Quotes about Harrington Emerson edit

  • The estimate that at least $1,000,000 a day could be saved by the pursuit of methods of scientific management was first made by Mr. Harrington Emerson. It is submitted that, with aggregate operating expenses by the railroads in 1908 of $1,669,938,717, of which $1,035,437,528 was for labor, this estimate appears moderate.
    • United States. Interstate Commerce Commission, ‎Martin Augustine Knapp (1911), Evidence Taken by the Interstate Commerce Commission in the Matter of Proposed Advances in Freight Rates by Carriers: August to December, 1910.'
  • With the triumph of scientific management, unions would have nothing left to do, and they would have been cleansed of their most evil feature: the restriction of output. To underscore this idea, Taylor fashioned the myth that 'there has never been a strike of men working under scientific management', trying to give it credibility by constant repetition. In similar fashion he incessantly linked his proposals to shorter hours of work, without bothering to produce evidence of "Taylorized" firms that reduced working hours, and he revised his famous tale of Schmidt carrying pig iron at Bethlehem Steel at least three times, obscuring some aspects of his study and stressing others, so that each successive version made Schmidt's exertions more impressive, more voluntary and more rewarding to him than the last. Unlike Harrington Emerson, Taylor was not a charlatan, but his ideological message required the suppression of all evidence of worker's dissent, of coercion, or of any human motives or aspirations other than those his vision of progress could encompass.

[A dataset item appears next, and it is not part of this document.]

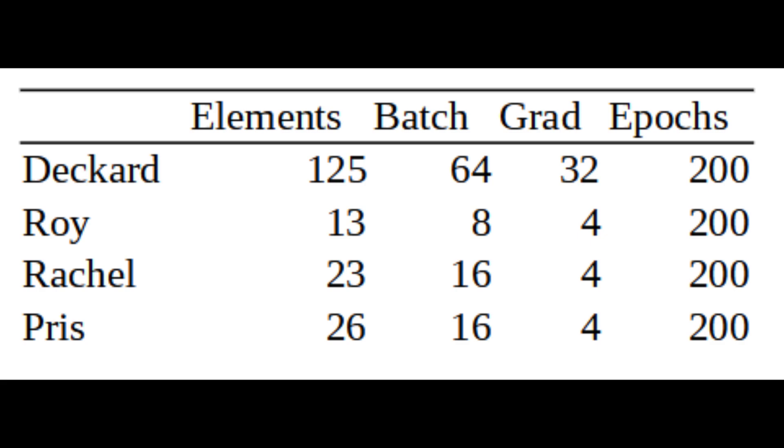The Roy Batty voice was only 13 elements using batch size 8. It used two iterations per epoch, a grad accumulation of four, and it was trained for 200 epochs.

    • David Montgomery (1989) The Fall of the House of Labor: The Workplace, the State, and American Labor Activism, 1865-1925. p. 254
  • By the time of Frederick Winslow Taylor's death, the gospel of industrial efficiency preached by American scientific managers was commonplace on both sides of the Atlantic. In the following years of world war, reconstruction, and adjustment, scientific management attracted a new generation of advocates and practitioners, many of whom would have perplexed and shocked Taylor and his immediate circle. Of the entrepreneurs of scientific management who succeeded Frank Gilbreth, Harrington Emerson, Richard Feiss, and other pioneers, none was more successful than Charles Eugene Bedaux (1886-1944). Unlike Tay­lor and his colleagues, Bedaux was and still is a mysterious figure. Secretive to a fault, he avoided professional contacts, refused to write for popular or technical journals, and spurned publicity. Yet he was a master salesman whose operations were global in scope and impact. Only in recent years, with the discovery of the papers of the British Bedaux Company, is it possible to gauge the impact of Bedaux and his extraordinary career.
    • Kreis, Steven. "The diffusion of scientific management: the Bedaux company in America and Britain, 1926-1945." A Mental Revolution: Scientific Management and Taylor (1992): 156-74.